### Exercise material

•••••

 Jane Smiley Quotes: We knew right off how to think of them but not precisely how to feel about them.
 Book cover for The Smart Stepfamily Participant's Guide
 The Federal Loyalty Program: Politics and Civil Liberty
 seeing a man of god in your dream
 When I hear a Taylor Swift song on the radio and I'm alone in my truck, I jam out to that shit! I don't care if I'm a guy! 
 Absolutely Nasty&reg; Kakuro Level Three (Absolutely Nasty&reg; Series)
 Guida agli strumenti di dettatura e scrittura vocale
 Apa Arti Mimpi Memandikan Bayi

•••••

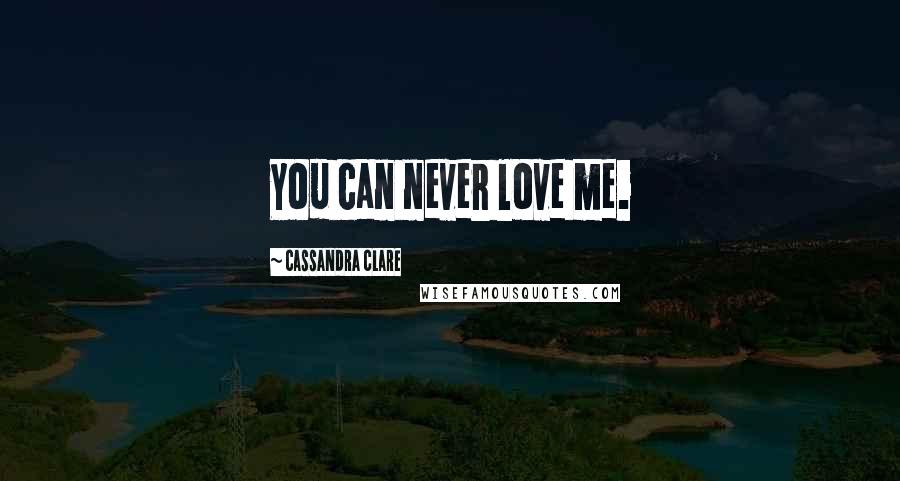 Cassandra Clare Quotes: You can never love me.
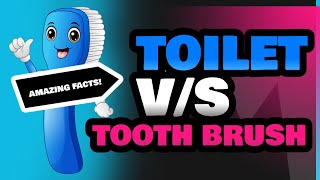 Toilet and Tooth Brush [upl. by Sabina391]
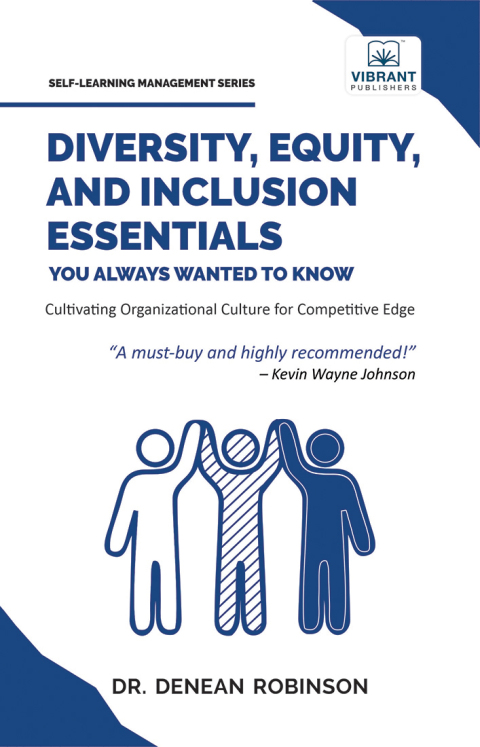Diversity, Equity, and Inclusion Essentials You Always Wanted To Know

•••••

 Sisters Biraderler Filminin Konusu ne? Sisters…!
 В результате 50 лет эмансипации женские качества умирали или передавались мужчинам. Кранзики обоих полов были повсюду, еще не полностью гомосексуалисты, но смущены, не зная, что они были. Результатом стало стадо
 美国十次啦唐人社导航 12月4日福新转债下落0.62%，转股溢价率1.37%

•••••

### What to produce
From the entries above, print the lines beginning at the one with "Jane Smiley Quotes: We" and stopping after the one with "seeing a man of god in your dream", exactly as written and with nothing else.

### Exercise response
 Jane Smiley Quotes: We knew right off how to think of them but not precisely how to feel about them.
 Book cover for The Smart Stepfamily Participant's Guide
 The Federal Loyalty Program: Politics and Civil Liberty
 seeing a man of god in your dream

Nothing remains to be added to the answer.